Эпоха крайностей. Короткий двадцатый век (1914–1991) (Хобсбаум) - страница 485

А вот вторая проблема отнюдь не является технической. Мир конца двадцатого столетия, основанный на определенных принципах политической демократии, столкнулся с проблемой выработки политических решений, причем президентские и парламентские выборы не имеют к этой проблеме никакого отношения. В более общем смысле эта дилемма связана с ролью обычных людей в эпоху, справедливо называемую – во всяком случае, до возникновения феминизма – “веком простого человека”. Это дилемма века, в котором власть могла – а по мнению некоторых, была даже обязана – быть “из народа” и “для народа”, но никоим образом не могла осуществляться “народом” или хотя бы представительными ассамблеями, избранными в честном соревновании. Впрочем, эта проблема далеко не нова. Хорошо известные политологам и сатирикам политические трудности демократии (отчасти затронутые в предыдущих главах) были всецело осознаны в тот момент, когда всеобщее избирательное право перестало быть особенностью США.
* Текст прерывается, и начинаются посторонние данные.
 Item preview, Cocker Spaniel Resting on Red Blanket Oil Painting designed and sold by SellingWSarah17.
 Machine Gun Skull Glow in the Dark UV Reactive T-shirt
Но затруднения демократии с недавних пор значительно возросли – и потому, что теперь было никуда не деться от общественного мнения, фиксируемого социологическими опросами и раздуваемого вездесущими медиа, и потому, что органам власти приходилось принимать все больше решений, для которых общественное мнение никак не могло служить ориентиром. Это могли быть решения, непопулярные у большинства избирателей, причем избиратели, веря в их необходимость для общего блага, нередко считали последствия таких решений вредными для себя лично. В итоге к концу двадцатого века политики некоторых демократических стран пришли к выводу, что любые предложения поднять налоги самоубийственны с электоральной точки зрения, а выборы превратились в соревнования по фискальной безответственности. В то же время избирателям и парламентам постоянно приходилось сталкиваться с вопросами, для решения которых неспециалисты, т. е. подавляющее большинство граждан, просто не имели требуемой квалификации, – как, например, вопросы о будущем атомной энергетики.

Впрочем, в некоторых случаях даже в демократических государствах граждане настолько идентифицировали себя с целями своих правительств, обладающих легитимностью и пользующихся всеобщим доверием, что в обществе возникло чувство “общих интересов”, как, например, в Великобритании времен Второй мировой войны. Можно привести и другие случаи базового консенсуса между основными политическими оппонентами, в результате чего правительства беспрепятственно проводили политику, не вызывавшую значительных разногласий. Мы уже убедились, что такое положение дел было характерно для некоторых западных стран в “золотую эпоху”. Правительства также полагались на согласованные оценки своих технических или научных советников, незаменимых для управленцев-неспециалистов. Когда советники приходили к сходным решениям или консенсус в целом превышал разногласия, область политических разногласий сужалась. Но когда эксперты не могут прийти к единому мнению, тем, кто принимает решения, приходится действовать вслепую, подобно присяжным, которые выслушивают экспертов-психологов со стороны обвинения и защиты, не доверяя ни тем, ни другим.